## Hypotheses

Null Hypothesis (H0): There is no difference in the conversion rates between the control group and the test group. This means that any observed difference is due to chance and not due to the change that's being tested.

Alternative Hypothesis (H1): There is a difference in the conversion rates between the control group and the test group. This means that the observed difference is statistically significant, and not due to chance alone. This difference could be either positive or negative depending on the context of the test.

In [87]:
import math
from scipy.stats import norm

In [88]:
# Parameters

total_test = 89425
conversions_test = 87482

total_control = 9659
conversions_control = 9410

confidence_level = 0.99
one_tailed = True

## When to use a one tailed and two tailed test

A one-tailed test or a two-tailed test refers to the tail ends of the probability distribution where we look for significant results.

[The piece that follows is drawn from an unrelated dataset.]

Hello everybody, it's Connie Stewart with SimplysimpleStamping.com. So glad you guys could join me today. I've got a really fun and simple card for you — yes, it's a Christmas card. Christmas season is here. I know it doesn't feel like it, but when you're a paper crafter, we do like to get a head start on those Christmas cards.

One-tailed test: You would use a one-tailed test when you want to determine if a parameter of your sample data is either greater than or less than a certain value, but not both. That is, when you have a specific direction in mind. For instance, you might want to test whether a new web page design leads to more clicks than the old design (i.e., "greater than"), or if a new medicine lowers blood pressure more than the standard medicine (i.e., "less than"). The critical region (where we would reject the null hypothesis) is only in one tail of the distribution.

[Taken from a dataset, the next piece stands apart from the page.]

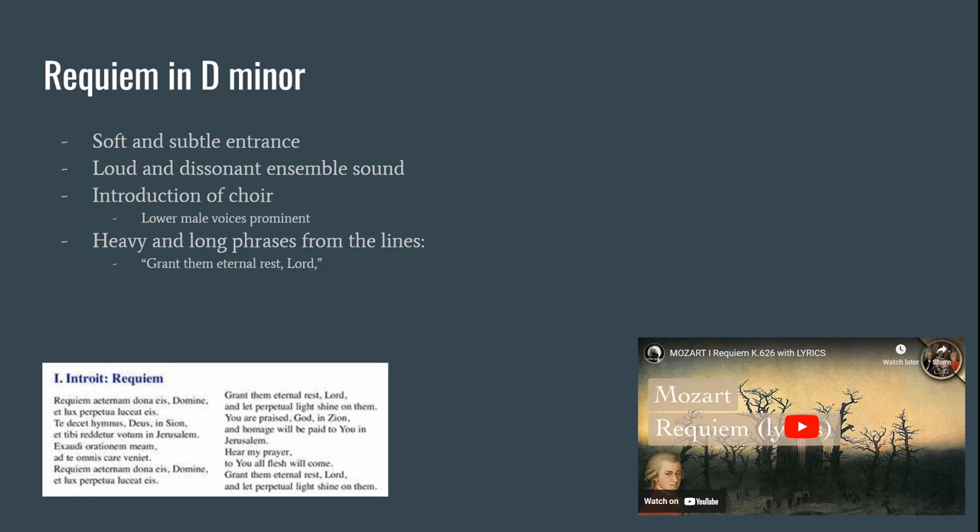We have a solo of a basset horn or a bassoon with the accompaniment of the rest of the ensemble. Once the male voices come in, we hear more homophonic sounds, with the male voices carrying the melody and the rest of the ensemble — the winds — serving as accompaniment.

Two-tailed test: On the other hand, a two-tailed test is used when you're interested in determining if a parameter is simply different from a certain value, without concern for which direction the difference falls. You would use a two-tailed test if you're testing whether a new drug has a different effect (it could be higher or lower) from the standard drug. The critical region is in both tails of the distribution.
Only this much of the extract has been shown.